Louisville civil rights leader prays alongside police for end to gun violence
LOUISVILLE, Ky. (WAVE) - After 112 homicides in less than seven months, a prominent civil rights figure appealed for unity to stop Louisville’s out-of-control gun violence.
“I want us to stop pointing our fingers at one another,” Reverend Charles Elliott Jr., the pastor of King Solomon Missionary Baptist Church, said. “Let’s unite together. We’ve got to get it done, y’all.”
The remarks followed a rally in the Algonquin neighborhood that included prayers for peace and a challenge to neighborhoods most affected by the city’s violence.
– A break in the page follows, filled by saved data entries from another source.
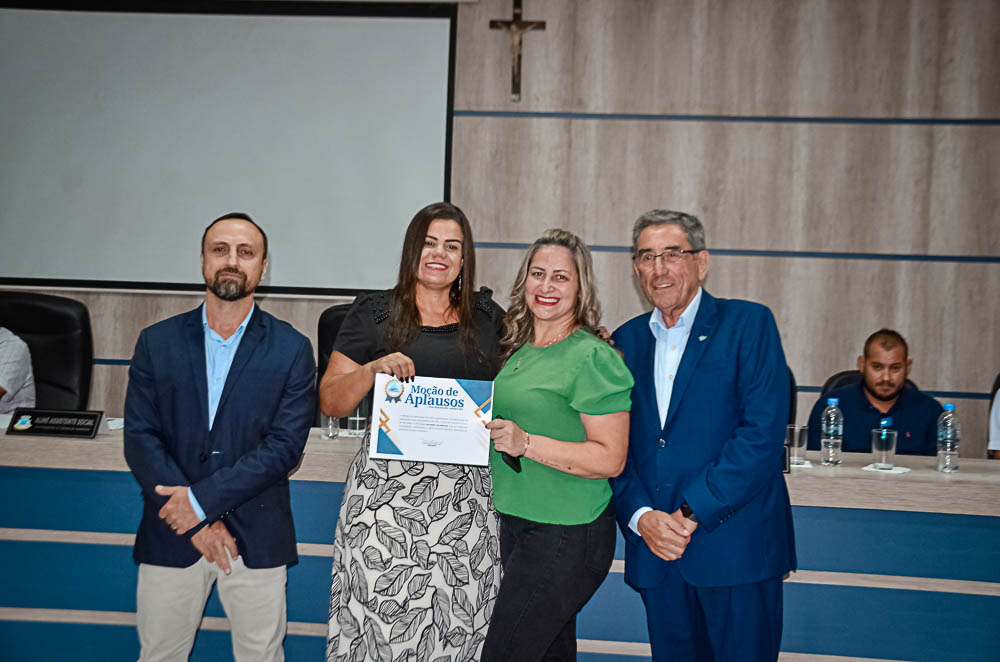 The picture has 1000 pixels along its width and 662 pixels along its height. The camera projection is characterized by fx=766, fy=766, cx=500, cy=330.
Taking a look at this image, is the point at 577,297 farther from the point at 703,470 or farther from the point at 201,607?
the point at 201,607

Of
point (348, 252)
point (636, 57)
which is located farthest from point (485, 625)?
point (636, 57)

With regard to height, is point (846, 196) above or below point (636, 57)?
below

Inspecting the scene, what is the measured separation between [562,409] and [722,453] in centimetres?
42

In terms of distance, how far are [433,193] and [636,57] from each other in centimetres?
146

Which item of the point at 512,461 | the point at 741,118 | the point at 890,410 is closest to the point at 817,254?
the point at 741,118

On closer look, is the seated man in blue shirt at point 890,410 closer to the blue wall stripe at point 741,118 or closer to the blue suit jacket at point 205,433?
the blue wall stripe at point 741,118

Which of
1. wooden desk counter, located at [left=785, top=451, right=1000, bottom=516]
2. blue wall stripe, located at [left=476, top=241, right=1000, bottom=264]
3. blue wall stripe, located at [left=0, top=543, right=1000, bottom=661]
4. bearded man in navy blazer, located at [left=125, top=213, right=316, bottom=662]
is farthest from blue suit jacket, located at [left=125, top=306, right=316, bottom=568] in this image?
blue wall stripe, located at [left=476, top=241, right=1000, bottom=264]

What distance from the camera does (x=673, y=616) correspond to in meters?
1.98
“Telling people we’ve got to come together,” Elliott said. “We can’t depend on the police to do it; it can’t be done with policing. It’s going to be done with all of us coming together.”
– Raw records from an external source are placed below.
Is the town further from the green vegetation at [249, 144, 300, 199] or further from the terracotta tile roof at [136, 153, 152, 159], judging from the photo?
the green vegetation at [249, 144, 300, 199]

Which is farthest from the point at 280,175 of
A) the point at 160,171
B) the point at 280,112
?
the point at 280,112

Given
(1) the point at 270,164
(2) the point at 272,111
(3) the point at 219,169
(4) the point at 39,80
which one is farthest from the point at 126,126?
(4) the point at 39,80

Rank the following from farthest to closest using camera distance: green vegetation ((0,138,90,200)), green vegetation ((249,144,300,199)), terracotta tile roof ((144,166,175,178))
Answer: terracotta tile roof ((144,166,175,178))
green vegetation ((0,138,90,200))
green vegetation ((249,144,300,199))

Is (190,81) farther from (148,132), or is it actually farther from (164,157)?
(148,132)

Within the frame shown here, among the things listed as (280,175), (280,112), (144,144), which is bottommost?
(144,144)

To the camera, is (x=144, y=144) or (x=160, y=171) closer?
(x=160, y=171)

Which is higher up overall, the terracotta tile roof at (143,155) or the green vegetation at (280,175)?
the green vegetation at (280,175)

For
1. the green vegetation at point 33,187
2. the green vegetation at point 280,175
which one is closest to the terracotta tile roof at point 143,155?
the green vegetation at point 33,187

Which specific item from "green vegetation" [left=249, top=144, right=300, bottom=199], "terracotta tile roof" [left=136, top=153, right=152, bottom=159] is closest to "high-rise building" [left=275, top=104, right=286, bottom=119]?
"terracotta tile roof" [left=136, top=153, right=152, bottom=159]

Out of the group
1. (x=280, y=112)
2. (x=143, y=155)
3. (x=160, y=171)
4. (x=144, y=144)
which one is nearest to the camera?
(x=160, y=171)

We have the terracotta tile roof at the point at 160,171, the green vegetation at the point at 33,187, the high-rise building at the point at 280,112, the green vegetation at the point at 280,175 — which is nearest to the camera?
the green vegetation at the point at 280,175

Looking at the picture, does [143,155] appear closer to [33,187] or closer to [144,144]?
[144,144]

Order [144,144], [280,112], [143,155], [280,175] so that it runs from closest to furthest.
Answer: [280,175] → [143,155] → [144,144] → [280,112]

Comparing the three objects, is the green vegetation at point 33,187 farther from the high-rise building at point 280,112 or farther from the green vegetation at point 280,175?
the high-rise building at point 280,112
Police have messed up across the country by the way they handle problems in communities in need, Louisville Metro Police Department Chief Erika Shields said.
“It’s imperative that the community has some level of trust in us if we’re going to get a handle on violent crime,” Shields said. “We need to be there for them. Like I said, it’s not enough that we just show up when there’s a homicide.”
After the killing of two teenage girls in two separate shootings on the same street, Shields and officers from the LMPD 2nd Division went door to door last week reassuring residents and asking for the community’s help. It’s a now familiar theme in the department’s new approach to communities most impacted by violence.
“This is our city,” Major Steve Healey said, “and we all live here. This is how we all come together and fix it. We do it together.”